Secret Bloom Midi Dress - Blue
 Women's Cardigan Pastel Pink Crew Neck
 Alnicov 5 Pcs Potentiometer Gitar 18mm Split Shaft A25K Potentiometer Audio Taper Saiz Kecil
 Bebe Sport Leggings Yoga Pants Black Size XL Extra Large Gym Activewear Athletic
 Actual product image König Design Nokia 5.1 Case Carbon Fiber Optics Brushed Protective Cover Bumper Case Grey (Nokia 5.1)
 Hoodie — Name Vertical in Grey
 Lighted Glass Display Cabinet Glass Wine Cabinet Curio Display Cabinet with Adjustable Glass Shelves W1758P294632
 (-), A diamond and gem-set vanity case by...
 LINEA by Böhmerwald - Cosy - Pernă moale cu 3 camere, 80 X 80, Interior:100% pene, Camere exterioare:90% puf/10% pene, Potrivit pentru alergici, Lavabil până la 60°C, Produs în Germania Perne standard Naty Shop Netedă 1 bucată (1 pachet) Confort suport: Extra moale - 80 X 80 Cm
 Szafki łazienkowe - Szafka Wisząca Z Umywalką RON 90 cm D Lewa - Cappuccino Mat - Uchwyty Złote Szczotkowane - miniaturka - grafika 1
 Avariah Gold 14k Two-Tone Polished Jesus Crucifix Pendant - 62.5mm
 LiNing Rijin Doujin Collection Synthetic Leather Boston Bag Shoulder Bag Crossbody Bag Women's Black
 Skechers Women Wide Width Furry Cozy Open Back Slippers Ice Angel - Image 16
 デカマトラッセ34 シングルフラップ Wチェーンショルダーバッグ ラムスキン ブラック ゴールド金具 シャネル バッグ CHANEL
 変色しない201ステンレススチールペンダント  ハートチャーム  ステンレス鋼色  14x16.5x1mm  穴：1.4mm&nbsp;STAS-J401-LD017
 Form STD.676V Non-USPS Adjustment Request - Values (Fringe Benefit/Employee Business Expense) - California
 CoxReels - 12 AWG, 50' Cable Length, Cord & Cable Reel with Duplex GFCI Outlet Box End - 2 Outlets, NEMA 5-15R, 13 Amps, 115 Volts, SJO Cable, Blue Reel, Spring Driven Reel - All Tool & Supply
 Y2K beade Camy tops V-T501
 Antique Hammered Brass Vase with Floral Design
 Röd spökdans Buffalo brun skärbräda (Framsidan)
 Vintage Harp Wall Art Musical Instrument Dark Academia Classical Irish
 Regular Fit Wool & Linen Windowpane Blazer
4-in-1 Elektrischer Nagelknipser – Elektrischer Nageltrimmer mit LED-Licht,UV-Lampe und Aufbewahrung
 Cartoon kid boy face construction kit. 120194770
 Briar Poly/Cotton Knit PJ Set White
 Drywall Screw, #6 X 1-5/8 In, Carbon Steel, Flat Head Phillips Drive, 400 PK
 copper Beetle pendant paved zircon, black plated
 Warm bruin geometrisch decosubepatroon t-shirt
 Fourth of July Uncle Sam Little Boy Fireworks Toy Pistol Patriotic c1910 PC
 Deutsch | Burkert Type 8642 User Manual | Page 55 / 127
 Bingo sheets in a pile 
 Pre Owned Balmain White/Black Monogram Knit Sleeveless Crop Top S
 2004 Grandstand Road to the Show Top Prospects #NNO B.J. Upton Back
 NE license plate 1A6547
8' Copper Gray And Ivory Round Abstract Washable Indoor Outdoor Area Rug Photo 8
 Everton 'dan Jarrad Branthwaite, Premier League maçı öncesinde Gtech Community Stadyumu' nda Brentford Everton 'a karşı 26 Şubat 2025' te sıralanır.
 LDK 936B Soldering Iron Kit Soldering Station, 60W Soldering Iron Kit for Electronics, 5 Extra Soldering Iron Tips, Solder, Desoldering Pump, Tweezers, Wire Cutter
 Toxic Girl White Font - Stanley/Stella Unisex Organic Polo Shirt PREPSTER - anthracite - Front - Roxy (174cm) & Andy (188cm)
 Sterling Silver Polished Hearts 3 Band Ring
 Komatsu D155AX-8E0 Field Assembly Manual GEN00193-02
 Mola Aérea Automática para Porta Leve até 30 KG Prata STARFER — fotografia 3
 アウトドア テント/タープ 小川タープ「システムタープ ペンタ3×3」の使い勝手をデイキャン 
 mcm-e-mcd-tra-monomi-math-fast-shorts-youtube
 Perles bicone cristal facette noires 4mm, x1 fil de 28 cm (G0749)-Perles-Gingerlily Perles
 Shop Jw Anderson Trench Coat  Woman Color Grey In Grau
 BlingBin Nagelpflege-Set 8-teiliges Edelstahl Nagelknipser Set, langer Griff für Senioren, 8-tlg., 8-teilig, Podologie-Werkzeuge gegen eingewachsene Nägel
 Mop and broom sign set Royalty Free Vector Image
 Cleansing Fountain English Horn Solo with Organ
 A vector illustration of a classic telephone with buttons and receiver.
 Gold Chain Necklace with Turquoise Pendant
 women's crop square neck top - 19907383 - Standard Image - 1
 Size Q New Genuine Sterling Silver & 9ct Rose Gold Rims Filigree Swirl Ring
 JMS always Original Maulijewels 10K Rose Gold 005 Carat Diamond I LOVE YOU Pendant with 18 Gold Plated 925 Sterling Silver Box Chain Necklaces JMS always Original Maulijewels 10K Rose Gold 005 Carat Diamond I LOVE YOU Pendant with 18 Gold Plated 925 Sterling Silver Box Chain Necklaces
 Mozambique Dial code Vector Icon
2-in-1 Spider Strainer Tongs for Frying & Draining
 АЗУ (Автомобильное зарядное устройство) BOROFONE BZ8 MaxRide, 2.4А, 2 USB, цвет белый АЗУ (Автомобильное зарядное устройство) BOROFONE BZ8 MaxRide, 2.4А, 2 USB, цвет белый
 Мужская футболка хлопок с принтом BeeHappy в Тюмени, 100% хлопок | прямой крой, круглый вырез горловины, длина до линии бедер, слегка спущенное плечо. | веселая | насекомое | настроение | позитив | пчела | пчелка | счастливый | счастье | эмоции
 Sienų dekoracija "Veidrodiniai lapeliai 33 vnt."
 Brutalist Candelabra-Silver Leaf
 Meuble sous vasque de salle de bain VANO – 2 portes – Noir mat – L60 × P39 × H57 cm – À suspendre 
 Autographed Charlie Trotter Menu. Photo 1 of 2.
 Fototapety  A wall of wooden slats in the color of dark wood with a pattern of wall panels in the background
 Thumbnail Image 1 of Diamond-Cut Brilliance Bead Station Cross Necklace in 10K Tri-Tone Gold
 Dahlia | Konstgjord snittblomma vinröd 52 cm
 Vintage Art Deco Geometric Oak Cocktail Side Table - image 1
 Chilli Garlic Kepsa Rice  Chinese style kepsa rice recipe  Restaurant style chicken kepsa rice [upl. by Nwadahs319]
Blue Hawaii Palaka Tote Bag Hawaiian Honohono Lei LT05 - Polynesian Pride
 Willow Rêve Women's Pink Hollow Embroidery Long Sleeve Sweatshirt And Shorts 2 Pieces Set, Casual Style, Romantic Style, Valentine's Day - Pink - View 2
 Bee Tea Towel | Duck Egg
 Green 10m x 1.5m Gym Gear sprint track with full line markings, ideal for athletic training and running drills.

***

◆ What is expected
What is needed is each line from the records with the word "Gold" in it.

◆ Solution below
 Avariah Gold 14k Two-Tone Polished Jesus Crucifix Pendant - 62.5mm
 Gold Chain Necklace with Turquoise Pendant
 Size Q New Genuine Sterling Silver & 9ct Rose Gold Rims Filigree Swirl Ring
 JMS always Original Maulijewels 10K Rose Gold 005 Carat Diamond I LOVE YOU Pendant with 18 Gold Plated 925 Sterling Silver Box Chain Necklaces JMS always Original Maulijewels 10K Rose Gold 005 Carat Diamond I LOVE YOU Pendant with 18 Gold Plated 925 Sterling Silver Box Chain Necklaces
 Thumbnail Image 1 of Diamond-Cut Brilliance Bead Station Cross Necklace in 10K Tri-Tone Gold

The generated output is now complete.